EXERCISE INSTRUCTIONS: Retype, word for word, every line from the one holding "Tasse de lama" through the one holding "Statuette: Figur Wölfe, Wilder" in the entries below, both included, and only those lines.

PROVIDED DATA:

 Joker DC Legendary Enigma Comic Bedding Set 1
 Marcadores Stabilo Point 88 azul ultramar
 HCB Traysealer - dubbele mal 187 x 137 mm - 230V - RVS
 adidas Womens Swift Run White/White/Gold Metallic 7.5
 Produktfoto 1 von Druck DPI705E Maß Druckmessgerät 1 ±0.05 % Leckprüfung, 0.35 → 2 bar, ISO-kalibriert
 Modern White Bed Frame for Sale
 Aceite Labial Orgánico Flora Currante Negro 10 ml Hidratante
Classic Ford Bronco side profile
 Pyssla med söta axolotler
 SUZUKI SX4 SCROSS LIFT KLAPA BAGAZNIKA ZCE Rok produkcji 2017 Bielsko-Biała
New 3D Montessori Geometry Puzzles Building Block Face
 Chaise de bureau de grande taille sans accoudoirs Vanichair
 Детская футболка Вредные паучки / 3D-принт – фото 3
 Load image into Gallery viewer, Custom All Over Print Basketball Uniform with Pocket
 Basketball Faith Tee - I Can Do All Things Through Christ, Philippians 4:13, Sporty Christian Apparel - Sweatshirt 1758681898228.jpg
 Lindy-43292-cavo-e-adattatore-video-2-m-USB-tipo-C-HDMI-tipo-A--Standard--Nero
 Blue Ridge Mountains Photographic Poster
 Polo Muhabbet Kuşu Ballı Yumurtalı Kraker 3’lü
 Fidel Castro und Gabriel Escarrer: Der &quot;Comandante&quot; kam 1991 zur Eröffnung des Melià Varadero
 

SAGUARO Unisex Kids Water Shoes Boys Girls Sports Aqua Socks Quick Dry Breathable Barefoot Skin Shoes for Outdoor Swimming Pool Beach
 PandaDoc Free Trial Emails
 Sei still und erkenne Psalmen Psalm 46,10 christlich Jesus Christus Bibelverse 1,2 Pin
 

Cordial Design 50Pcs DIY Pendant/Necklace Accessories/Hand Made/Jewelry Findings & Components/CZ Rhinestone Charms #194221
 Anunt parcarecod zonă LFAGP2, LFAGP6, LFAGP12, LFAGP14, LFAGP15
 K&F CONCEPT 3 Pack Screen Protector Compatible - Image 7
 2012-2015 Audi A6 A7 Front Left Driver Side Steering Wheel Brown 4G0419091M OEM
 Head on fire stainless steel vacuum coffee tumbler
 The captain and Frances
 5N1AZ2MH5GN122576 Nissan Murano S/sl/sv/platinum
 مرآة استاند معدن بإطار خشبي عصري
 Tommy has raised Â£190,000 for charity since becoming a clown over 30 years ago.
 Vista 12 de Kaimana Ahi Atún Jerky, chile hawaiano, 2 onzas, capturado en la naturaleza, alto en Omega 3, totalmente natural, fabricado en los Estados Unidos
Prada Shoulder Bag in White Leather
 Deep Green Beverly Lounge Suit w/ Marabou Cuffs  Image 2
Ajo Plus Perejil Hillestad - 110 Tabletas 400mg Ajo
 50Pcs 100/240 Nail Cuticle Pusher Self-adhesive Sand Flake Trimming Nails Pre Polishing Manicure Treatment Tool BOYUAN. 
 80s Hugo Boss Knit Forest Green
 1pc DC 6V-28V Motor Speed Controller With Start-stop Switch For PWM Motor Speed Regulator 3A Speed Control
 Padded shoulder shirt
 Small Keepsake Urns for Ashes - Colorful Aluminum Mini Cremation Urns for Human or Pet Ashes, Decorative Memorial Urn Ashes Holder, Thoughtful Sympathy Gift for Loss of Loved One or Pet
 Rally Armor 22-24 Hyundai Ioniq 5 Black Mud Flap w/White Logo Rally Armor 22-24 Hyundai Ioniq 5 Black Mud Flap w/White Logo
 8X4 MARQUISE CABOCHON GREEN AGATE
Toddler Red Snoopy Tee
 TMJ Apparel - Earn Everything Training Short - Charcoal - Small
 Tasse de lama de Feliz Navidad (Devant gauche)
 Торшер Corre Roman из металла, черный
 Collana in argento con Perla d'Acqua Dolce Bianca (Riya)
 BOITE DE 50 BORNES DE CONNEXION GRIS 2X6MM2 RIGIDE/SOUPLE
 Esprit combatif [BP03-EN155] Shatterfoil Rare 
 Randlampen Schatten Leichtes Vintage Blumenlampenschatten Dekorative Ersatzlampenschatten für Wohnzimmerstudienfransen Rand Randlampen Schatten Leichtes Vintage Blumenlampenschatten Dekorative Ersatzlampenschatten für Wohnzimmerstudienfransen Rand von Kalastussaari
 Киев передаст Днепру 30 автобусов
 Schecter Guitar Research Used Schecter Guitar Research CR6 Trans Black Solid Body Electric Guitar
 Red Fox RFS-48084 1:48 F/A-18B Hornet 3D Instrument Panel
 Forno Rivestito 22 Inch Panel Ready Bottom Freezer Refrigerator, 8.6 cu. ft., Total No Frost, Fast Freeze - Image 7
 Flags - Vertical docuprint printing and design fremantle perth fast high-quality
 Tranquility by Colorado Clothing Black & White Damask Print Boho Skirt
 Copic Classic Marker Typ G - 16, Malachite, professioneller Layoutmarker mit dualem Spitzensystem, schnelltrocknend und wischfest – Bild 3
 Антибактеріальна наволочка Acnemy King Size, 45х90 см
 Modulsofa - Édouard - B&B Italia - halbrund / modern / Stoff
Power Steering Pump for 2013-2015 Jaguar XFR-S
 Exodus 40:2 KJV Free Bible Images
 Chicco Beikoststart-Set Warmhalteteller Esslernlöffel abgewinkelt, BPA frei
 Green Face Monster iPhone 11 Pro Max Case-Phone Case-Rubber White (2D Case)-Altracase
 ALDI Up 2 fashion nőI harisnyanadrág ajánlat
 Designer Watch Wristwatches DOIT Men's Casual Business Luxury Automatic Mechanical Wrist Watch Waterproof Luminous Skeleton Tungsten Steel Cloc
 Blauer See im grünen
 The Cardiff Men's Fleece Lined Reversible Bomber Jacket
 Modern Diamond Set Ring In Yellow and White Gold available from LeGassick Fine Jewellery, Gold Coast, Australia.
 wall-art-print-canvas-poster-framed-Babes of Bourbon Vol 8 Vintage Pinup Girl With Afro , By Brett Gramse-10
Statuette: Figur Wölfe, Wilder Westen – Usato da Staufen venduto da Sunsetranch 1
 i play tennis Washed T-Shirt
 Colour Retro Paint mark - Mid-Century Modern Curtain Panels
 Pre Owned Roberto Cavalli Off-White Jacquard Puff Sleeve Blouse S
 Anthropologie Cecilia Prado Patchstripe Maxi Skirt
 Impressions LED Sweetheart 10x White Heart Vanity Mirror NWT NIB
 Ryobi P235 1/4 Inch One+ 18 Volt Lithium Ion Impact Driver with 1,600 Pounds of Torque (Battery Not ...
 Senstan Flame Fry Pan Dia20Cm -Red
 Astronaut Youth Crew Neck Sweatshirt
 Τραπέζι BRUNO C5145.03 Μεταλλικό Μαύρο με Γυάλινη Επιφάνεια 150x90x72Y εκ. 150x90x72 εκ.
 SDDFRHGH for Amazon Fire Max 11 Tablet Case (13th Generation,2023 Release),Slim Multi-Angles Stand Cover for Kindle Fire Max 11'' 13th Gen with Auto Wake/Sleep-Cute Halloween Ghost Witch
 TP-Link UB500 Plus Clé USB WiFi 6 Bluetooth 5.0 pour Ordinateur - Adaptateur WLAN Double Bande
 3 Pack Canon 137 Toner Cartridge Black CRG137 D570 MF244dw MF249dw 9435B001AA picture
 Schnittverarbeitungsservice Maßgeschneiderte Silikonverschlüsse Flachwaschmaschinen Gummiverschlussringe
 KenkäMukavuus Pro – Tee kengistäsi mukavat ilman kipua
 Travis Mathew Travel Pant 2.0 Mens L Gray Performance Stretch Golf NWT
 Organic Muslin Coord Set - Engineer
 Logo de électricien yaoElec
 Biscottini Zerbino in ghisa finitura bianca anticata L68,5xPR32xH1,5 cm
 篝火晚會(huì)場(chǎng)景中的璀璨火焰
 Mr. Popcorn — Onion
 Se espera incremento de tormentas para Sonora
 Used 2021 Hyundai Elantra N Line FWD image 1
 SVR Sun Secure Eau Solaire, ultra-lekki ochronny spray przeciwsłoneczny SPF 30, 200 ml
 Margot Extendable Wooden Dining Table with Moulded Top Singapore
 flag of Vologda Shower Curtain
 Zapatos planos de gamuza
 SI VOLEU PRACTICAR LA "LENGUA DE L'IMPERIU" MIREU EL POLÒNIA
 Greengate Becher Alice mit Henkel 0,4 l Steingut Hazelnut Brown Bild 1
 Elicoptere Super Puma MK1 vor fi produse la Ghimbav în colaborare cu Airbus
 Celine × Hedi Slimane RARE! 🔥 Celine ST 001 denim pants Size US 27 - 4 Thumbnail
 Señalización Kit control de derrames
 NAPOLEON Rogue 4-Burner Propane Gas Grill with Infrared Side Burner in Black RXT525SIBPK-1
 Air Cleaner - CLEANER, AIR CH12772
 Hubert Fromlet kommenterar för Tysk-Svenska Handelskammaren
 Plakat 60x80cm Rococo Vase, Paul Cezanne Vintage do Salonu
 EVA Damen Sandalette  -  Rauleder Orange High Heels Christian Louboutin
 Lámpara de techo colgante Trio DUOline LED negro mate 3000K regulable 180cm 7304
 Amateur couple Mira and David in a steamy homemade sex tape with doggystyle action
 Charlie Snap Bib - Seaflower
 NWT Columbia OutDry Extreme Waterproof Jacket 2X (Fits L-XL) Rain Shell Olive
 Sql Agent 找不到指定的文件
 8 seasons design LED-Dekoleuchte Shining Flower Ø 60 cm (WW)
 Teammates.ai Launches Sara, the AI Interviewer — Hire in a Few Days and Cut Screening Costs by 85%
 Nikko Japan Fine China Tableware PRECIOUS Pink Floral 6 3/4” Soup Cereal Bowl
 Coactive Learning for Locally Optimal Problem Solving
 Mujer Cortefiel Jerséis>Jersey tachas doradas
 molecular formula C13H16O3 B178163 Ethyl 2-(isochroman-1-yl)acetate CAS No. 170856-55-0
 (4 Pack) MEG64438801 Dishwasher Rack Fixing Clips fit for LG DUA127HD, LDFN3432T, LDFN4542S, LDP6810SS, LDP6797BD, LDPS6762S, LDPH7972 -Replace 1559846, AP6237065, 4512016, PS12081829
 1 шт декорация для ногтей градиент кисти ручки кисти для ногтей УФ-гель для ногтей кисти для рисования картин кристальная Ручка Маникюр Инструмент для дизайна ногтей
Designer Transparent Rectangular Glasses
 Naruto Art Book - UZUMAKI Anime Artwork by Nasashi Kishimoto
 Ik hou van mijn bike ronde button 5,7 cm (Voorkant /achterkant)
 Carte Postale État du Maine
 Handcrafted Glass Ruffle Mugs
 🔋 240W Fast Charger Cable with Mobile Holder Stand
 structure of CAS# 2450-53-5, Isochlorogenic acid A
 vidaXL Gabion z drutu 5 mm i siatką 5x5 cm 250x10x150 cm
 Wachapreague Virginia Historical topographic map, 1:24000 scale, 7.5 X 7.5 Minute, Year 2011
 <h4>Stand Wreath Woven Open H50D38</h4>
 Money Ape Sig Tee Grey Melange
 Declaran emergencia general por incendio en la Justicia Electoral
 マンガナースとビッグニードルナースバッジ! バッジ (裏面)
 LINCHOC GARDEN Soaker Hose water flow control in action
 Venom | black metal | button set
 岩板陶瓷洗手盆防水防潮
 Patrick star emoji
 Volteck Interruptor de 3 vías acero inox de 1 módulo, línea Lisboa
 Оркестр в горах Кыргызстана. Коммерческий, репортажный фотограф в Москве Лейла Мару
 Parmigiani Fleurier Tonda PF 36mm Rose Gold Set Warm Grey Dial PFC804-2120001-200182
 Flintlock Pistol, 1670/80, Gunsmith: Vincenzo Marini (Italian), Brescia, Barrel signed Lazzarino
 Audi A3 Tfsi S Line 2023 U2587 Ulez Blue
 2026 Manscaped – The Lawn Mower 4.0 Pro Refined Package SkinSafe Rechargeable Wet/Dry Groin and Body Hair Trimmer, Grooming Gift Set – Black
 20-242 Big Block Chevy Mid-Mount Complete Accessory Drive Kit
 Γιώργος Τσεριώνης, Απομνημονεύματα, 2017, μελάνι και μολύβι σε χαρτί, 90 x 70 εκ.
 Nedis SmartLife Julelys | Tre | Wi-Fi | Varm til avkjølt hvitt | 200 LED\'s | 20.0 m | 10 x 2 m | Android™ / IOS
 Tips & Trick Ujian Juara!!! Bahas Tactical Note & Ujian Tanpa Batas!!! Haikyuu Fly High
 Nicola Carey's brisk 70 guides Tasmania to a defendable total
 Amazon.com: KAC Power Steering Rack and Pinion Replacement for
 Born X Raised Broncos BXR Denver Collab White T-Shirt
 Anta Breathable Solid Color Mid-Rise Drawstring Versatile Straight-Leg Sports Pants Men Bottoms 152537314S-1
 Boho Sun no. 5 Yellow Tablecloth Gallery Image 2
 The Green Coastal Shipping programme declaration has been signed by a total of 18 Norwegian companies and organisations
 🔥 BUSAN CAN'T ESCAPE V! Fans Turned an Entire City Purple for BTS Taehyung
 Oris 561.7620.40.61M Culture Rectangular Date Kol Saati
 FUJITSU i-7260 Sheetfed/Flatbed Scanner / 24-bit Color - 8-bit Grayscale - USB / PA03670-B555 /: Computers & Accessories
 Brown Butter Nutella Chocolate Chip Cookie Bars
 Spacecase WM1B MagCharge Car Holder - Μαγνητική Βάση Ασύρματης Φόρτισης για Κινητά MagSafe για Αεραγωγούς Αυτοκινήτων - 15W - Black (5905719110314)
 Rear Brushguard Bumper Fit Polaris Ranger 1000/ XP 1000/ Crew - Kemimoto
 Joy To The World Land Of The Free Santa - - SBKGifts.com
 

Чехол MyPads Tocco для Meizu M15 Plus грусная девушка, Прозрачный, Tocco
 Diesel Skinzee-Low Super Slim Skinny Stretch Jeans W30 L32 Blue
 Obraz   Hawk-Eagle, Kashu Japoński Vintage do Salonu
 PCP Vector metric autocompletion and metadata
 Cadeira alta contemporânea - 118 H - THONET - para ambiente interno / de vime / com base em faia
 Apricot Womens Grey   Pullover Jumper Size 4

RESULT OF THIS TASK:
 Tasse de lama de Feliz Navidad (Devant gauche)
 Торшер Corre Roman из металла, черный
 Collana in argento con Perla d'Acqua Dolce Bianca (Riya)
 BOITE DE 50 BORNES DE CONNEXION GRIS 2X6MM2 RIGIDE/SOUPLE
 Esprit combatif [BP03-EN155] Shatterfoil Rare 
 Randlampen Schatten Leichtes Vintage Blumenlampenschatten Dekorative Ersatzlampenschatten für Wohnzimmerstudienfransen Rand Randlampen Schatten Leichtes Vintage Blumenlampenschatten Dekorative Ersatzlampenschatten für Wohnzimmerstudienfransen Rand von Kalastussaari
 Киев передаст Днепру 30 автобусов
 Schecter Guitar Research Used Schecter Guitar Research CR6 Trans Black Solid Body Electric Guitar
 Red Fox RFS-48084 1:48 F/A-18B Hornet 3D Instrument Panel
 Forno Rivestito 22 Inch Panel Ready Bottom Freezer Refrigerator, 8.6 cu. ft., Total No Frost, Fast Freeze - Image 7
 Flags - Vertical docuprint printing and design fremantle perth fast high-quality
 Tranquility by Colorado Clothing Black & White Damask Print Boho Skirt
 Copic Classic Marker Typ G - 16, Malachite, professioneller Layoutmarker mit dualem Spitzensystem, schnelltrocknend und wischfest – Bild 3
 Антибактеріальна наволочка Acnemy King Size, 45х90 см
 Modulsofa - Édouard - B&B Italia - halbrund / modern / Stoff
Power Steering Pump for 2013-2015 Jaguar XFR-S
 Exodus 40:2 KJV Free Bible Images
 Chicco Beikoststart-Set Warmhalteteller Esslernlöffel abgewinkelt, BPA frei
 Green Face Monster iPhone 11 Pro Max Case-Phone Case-Rubber White (2D Case)-Altracase
 ALDI Up 2 fashion nőI harisnyanadrág ajánlat
 Designer Watch Wristwatches DOIT Men's Casual Business Luxury Automatic Mechanical Wrist Watch Waterproof Luminous Skeleton Tungsten Steel Cloc
 Blauer See im grünen
 The Cardiff Men's Fleece Lined Reversible Bomber Jacket
 Modern Diamond Set Ring In Yellow and White Gold available from LeGassick Fine Jewellery, Gold Coast, Australia.
 wall-art-print-canvas-poster-framed-Babes of Bourbon Vol 8 Vintage Pinup Girl With Afro , By Brett Gramse-10
Statuette: Figur Wölfe, Wilder Westen – Usato da Staufen venduto da Sunsetranch 1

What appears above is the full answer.